Solving global warming's technology challenges will require not a single Apollo program or Manhattan Project, but many. We need to solve technical problems across a range of technologies and at a variety of stages along the road from technological development to demonstration to commercialization to mass deployment.
Leaving the comfortable precincts of Hopenhagen means taking a hard look at our current predicament. A sober assessment will acknowledge that fossil fuels are remarkable sources of energy -- cheap, energy dense, and widely available. That's why oil, coal, and gas will not be easily displaced by present-day renewable-energy technologies that are expensive and intermittent, or by energy-efficiency measures that are more expensive to implement than their proponents have been willing to admit. Nor will green lifestyles and energy conservation reduce the average American's energy consumption 80 percent over 40 years.
Properly chastened, we will turn away from the phony certainty and faked urgency that proponents of today's failed, top-down, target-based approach trade in. Claims that we don't have time to wait for technological breakthroughs and the related demands for policies that supposedly guarantee rapid and assured emissions reductions have only served to delay the technological day of reckoning.
The hard work of mobilizing the resources and institutions necessary to engineer our way to a low-carbon economy will look profoundly different from both the histrionics at Copenhagen and the slick sales pitch offered by carbon traders in Washington. International agreements to share the burden and the benefits of developing better and cheaper low-carbon energy technologies will represent the central focus of international climate negotiations. Such agreements will extend well beyond simply agreeing to underwrite more laboratory research. They will require large financial commitments to demonstrate these technologies and create physical and institutional infrastructures that can support their commercialization.
Transforming the global energy economy from fossil fuels to low-carbon alternatives over the next 50 to 100 years is such a monumental technological undertaking that it is quite understandable that many would either declare it impossible or retreat into magical thinking.

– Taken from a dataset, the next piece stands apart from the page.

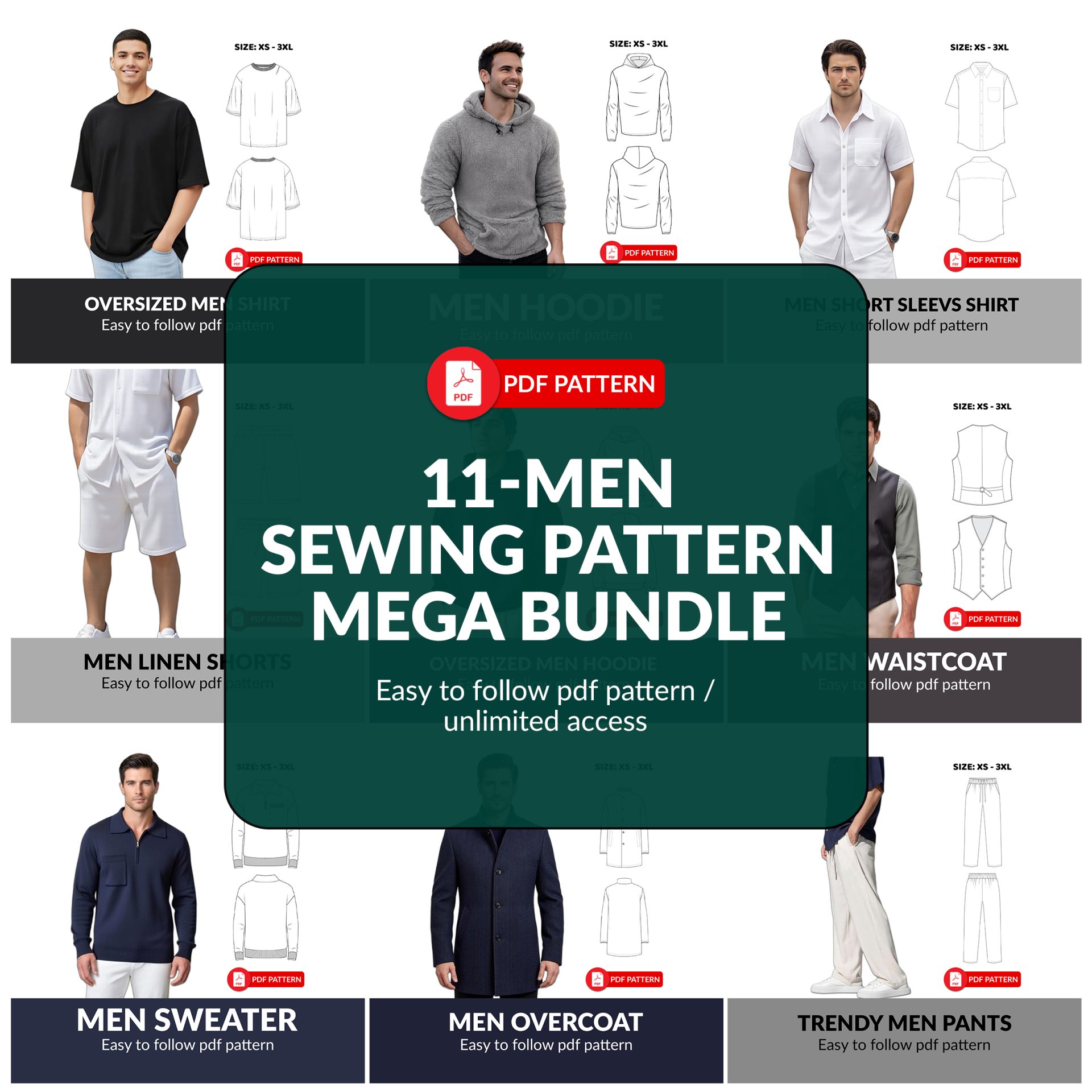 Men's Sewing Patterns Bundle: Vest, Trousers, Hoodie, Overcoat (Digital Download) - Image 21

We must resist these temptations.
Solving the technology challenge will not be easy, but in terms of our collective wealth and knowledge we are in a better position today than at any other point in our history. In the end, global efforts to address the climate challenge, if they are to succeed, must centrally focus upon the creation of a new and extraordinarily important global public good: the development of low-carbon energy technologies that are cheap, clean, and abundant. After two decades of domestic and international failure to take real action on climate change, it is time for the purveyors of magical thinking to take their exit so that the main act can begin.
And Roger Pielke Jr points at another way to make much the same assessment, this one from Bill Gates, no climate scientis, but someone who gets the point:
 If CO2 reduction is important, we need to make it clear to people what really matters – getting to zero.
With that kind of clarity, people will understand the need to get to zero and begin to grasp the scope and scale of innovation that is needed.
However all the talk about renewable portfolios, efficiency, and cap and trade tends to obscure the specific things that need to be done.
To achieve the kinds of innovations that will be required I think a distributed system of R&D with economic rewards for innovators and strong government encouragement is the key. There just isn’t enough work going on today to get us to where we need to go.
The world is distracted from what counts on this issue in a big way.